## What the exercise asks:
A copy is needed of each line in the records that has the word "white".

## Web page caption snippets:
----------

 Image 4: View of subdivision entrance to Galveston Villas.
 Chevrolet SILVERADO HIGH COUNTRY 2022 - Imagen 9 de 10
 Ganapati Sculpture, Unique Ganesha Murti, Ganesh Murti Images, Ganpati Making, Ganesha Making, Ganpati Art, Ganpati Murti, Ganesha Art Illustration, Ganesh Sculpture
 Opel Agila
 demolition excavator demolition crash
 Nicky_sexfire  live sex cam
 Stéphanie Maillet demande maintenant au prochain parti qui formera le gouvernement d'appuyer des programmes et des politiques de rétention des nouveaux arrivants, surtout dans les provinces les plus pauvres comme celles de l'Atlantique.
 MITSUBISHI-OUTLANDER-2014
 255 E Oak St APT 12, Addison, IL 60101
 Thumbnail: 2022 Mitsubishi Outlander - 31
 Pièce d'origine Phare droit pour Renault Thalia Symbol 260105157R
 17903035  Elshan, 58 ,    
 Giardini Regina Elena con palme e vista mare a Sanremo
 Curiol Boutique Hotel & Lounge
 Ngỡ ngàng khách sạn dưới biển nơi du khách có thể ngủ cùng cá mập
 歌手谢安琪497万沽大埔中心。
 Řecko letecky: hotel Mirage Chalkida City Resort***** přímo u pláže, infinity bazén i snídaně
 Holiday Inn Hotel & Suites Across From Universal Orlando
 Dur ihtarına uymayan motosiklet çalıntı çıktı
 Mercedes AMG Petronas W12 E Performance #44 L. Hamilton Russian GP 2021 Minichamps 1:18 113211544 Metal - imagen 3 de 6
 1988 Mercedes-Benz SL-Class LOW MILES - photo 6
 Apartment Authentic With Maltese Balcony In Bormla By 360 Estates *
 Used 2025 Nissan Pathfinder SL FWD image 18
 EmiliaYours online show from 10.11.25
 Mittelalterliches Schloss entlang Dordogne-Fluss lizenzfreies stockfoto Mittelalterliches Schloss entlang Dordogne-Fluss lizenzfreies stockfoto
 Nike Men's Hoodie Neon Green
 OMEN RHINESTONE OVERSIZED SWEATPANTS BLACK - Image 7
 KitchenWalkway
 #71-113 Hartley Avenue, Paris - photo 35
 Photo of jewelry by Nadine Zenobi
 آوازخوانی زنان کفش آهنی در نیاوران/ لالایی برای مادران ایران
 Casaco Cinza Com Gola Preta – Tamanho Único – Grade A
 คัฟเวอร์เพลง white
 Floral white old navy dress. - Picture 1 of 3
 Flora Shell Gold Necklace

----------

## Result of the task:
 คัฟเวอร์เพลง white
 Floral white old navy dress. - Picture 1 of 3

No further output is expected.